### ABOUT THIS TASK
Although the entries contain pictures, write out only their text, exactly as it stands.

### Image-text web data
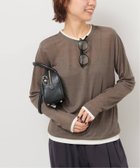 【ジャーナルスタンダード レリューム/JOURNAL STANDARD relume】の《追加》フェイクレイヤードロングスリーブTEE 人気、トレンドファッション・服の通販 founy(ファニー) ファッション Fashion レディースファッション Fashion for Women 2025年 2025 2025-2026秋冬・A/W Autumn/Winter 2025–26 AW25–26 イエロー Yellow インナー Innerwear コンパクト Compact, Small Size スリーブ Sleeve, Long Sleeve / Short Sleeve フィット Fit, Slim Fit ロング Long, Long-Length thumbnail グレー|ID: prp329100004785978 ipo3291000000034923812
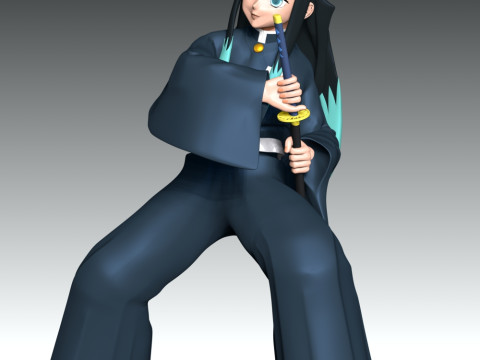 时人无一郎 3D 打印模型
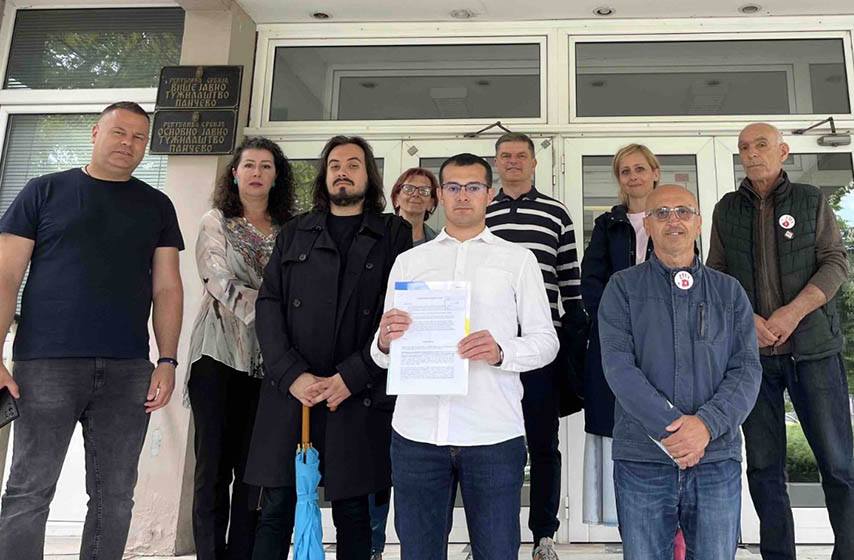 lsv, danail vuckovski, pancevo, krivicna prijava, tigran kis, k-013, vesti pancevo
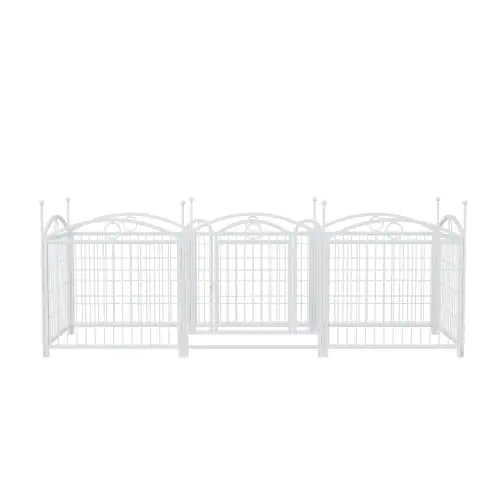 Dog Playpen Indoor 24 Inch 8 Panel Metal Dog Playpen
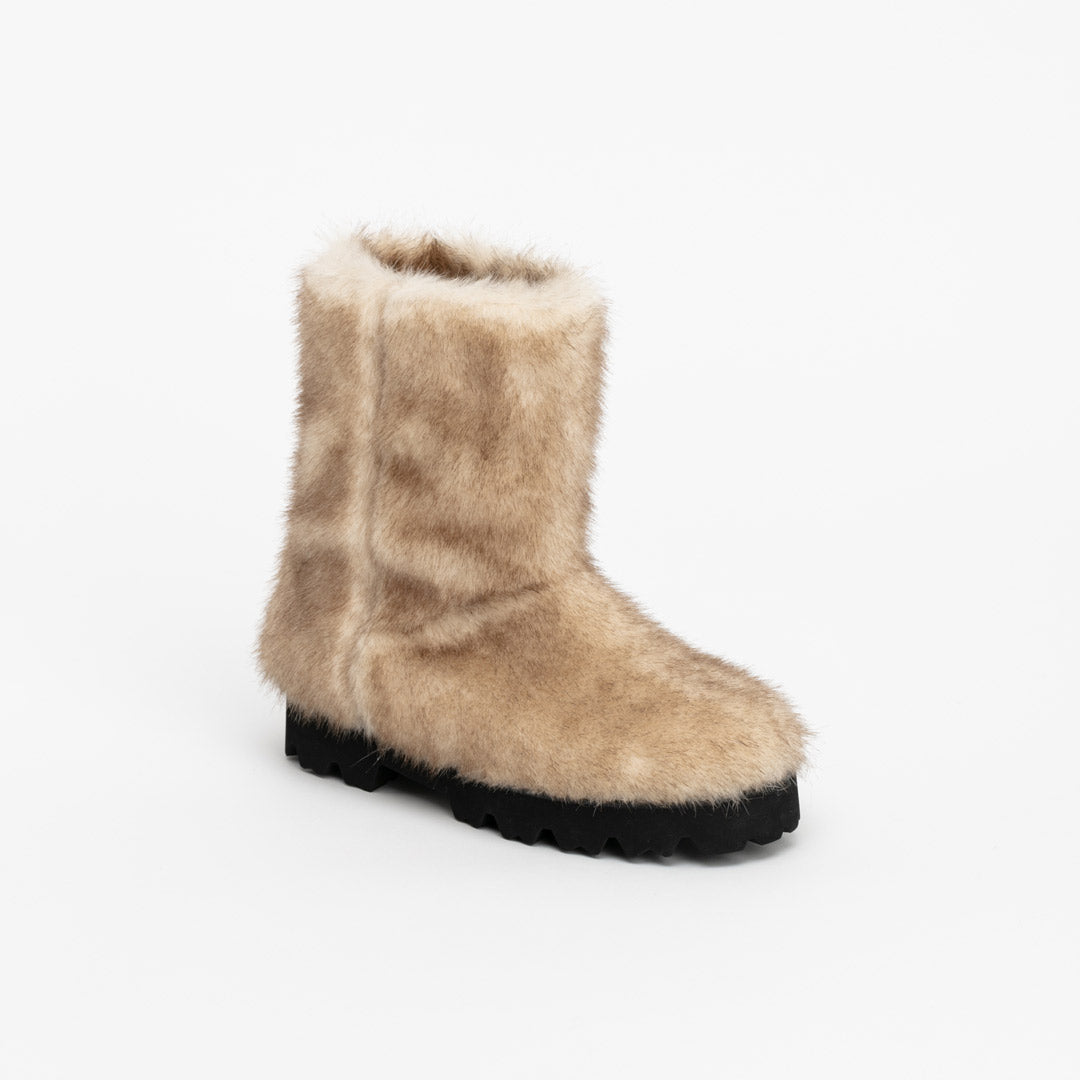 TULIN - faux fur ankle boots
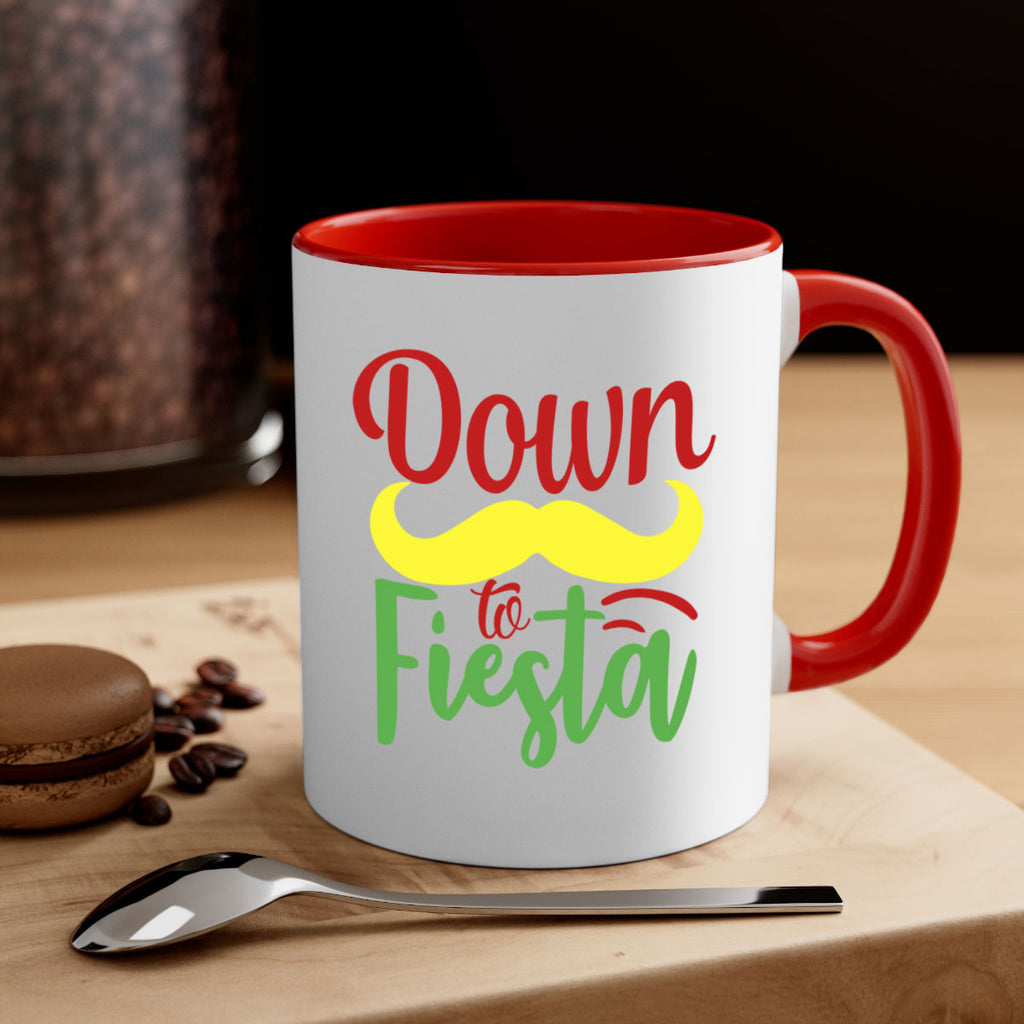 down to fiesta 3#- cinco de mayo-Mug / Coffee Cup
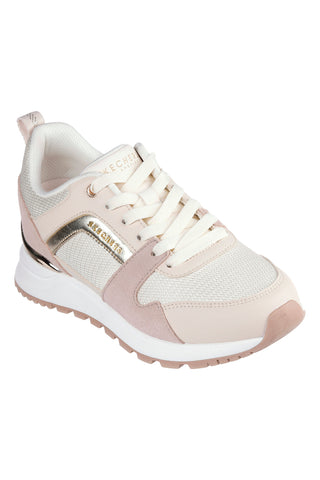 Rosa-goldene Sneakers mit Lederobermaterial Skechers Street Runway - Posh Gal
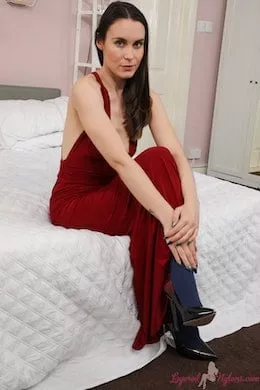 Hattie Grace at Layered Nylons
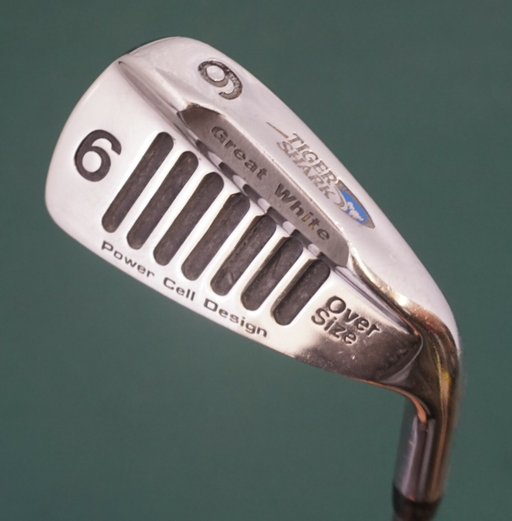 Tiger Shark Great White 6 Iron Regular Graphite Shaft Tiger Shark Grip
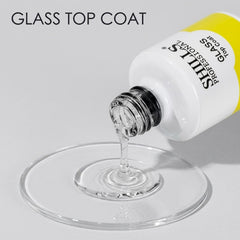Glass Top Coat 15ml Shills Professional | High Shine Nail Gel Top Coat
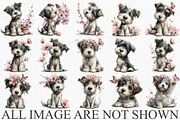 Watercolor Dog And Butterfly Clipart, a Seasonal Illustration by Canvas Craft (Thumbnail 4 of 7)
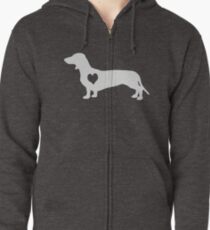 Adore Dachshunds Zipped Hoodie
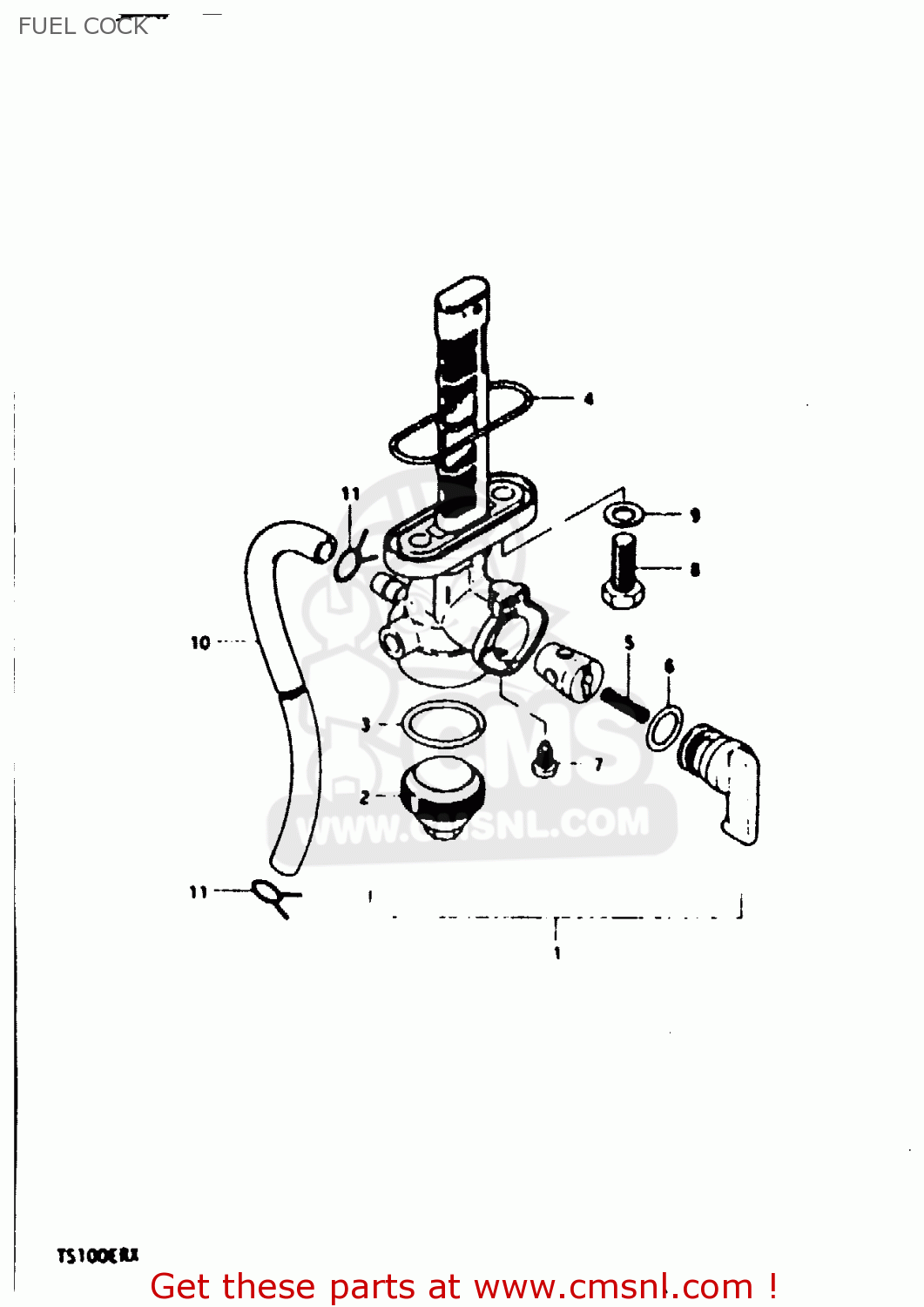 FUEL COCK TS100ER 1980 (T) (E01 E02 E09 E24 E30)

### WRITTEN RESPONSE
 【ジャーナルスタンダード レリューム/JOURNAL STANDARD relume】の《追加》フェイクレイヤードロングスリーブTEE 人気、トレンドファッション・服の通販 founy(ファニー) ファッション Fashion レディースファッション Fashion for Women 2025年 2025 2025-2026秋冬・A/W Autumn/Winter 2025–26 AW25–26 イエロー Yellow インナー Innerwear コンパクト Compact, Small Size スリーブ Sleeve, Long Sleeve / Short Sleeve フィット Fit, Slim Fit ロング Long, Long-Length thumbnail グレー|ID: prp329100004785978 ipo3291000000034923812
 时人无一郎 3D 打印模型
 lsv, danail vuckovski, pancevo, krivicna prijava, tigran kis, k-013, vesti pancevo
 Dog Playpen Indoor 24 Inch 8 Panel Metal Dog Playpen
 TULIN - faux fur ankle boots
 down to fiesta 3#- cinco de mayo-Mug / Coffee Cup
 Rosa-goldene Sneakers mit Lederobermaterial Skechers Street Runway - Posh Gal
 Hattie Grace at Layered Nylons
 Tiger Shark Great White 6 Iron Regular Graphite Shaft Tiger Shark Grip
Glass Top Coat 15ml Shills Professional | High Shine Nail Gel Top Coat
 Watercolor Dog And Butterfly Clipart, a Seasonal Illustration by Canvas Craft (Thumbnail 4 of 7)
 Adore Dachshunds Zipped Hoodie
 FUEL COCK TS100ER 1980 (T) (E01 E02 E09 E24 E30)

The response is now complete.